- **Available data**:
=-=-=-=-=
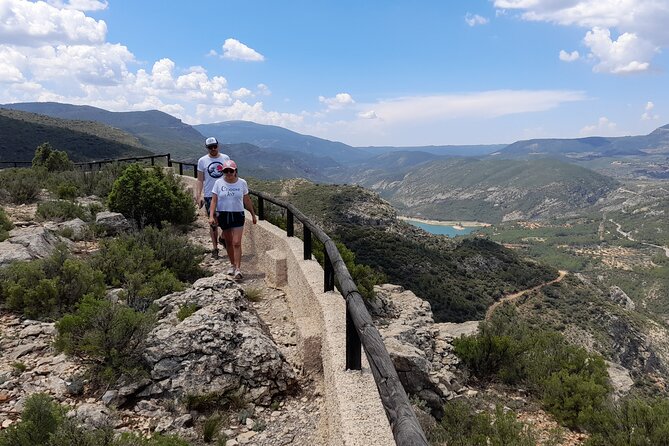 Guided 4x4 Adventure Tour in Valencia - A half-day 4x4 escape from Valencia into Sot de Chera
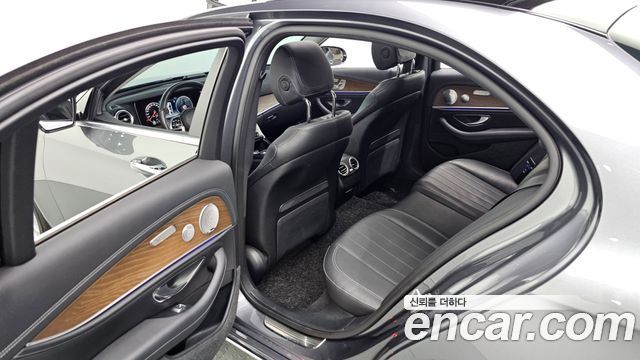 Mercedes-Benz E-Class (W213) E300 4MATIC Exclusive 2019 — фото 18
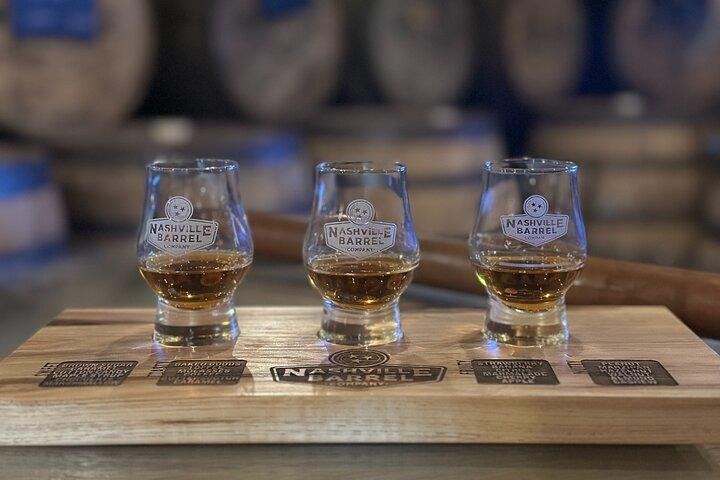 Degustação de uísque Nashville Barrel Co "Flight from the Barrel"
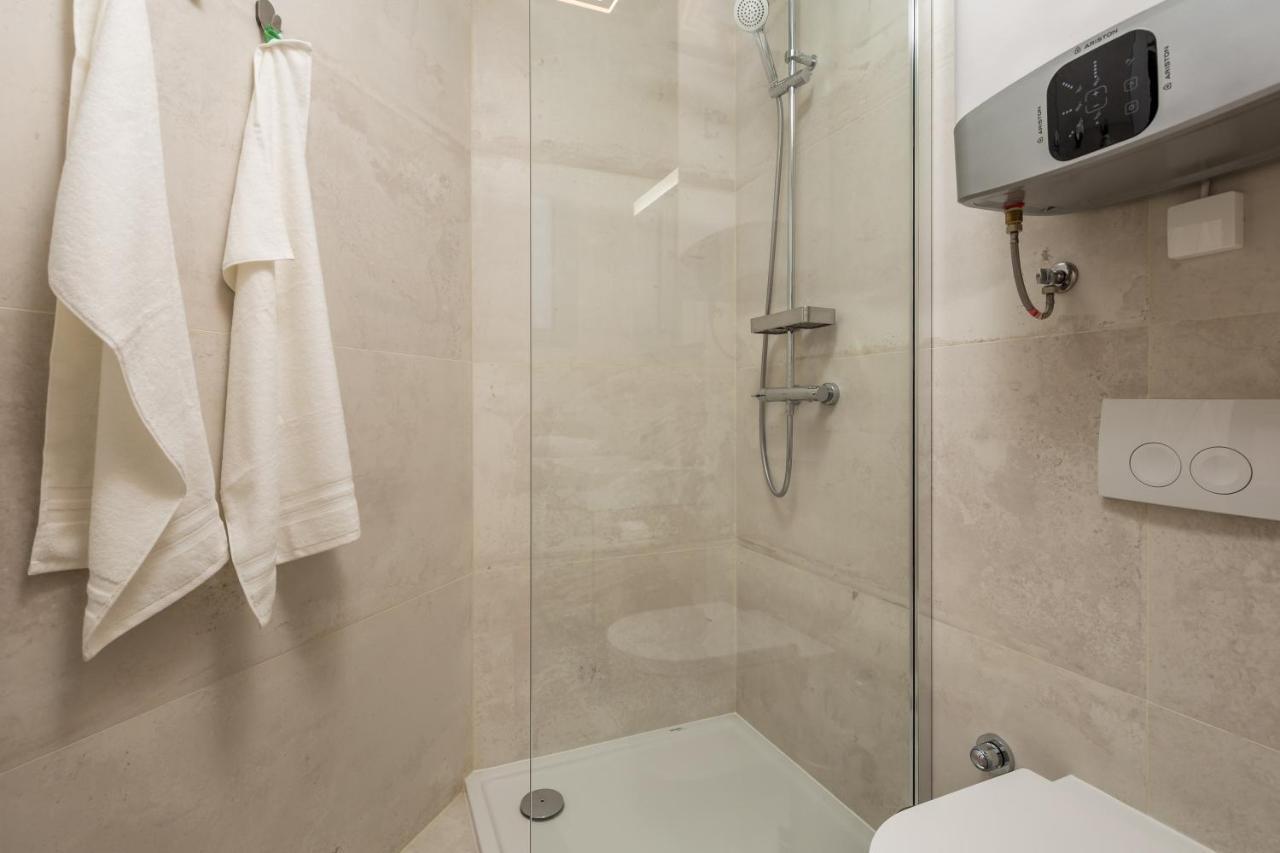 Luxury City Center Apartment -50M To The Sea 오파티아 외부 사진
=-=-=-=-=
- **Your goal**: Transcribe the listing in full. Omit the pictures and keep every line exact.

- **Written answer**:
 Guided 4x4 Adventure Tour in Valencia - A half-day 4x4 escape from Valencia into Sot de Chera
 Mercedes-Benz E-Class (W213) E300 4MATIC Exclusive 2019 — фото 18
 Degustação de uísque Nashville Barrel Co "Flight from the Barrel"
 Luxury City Center Apartment -50M To The Sea 오파티아 외부 사진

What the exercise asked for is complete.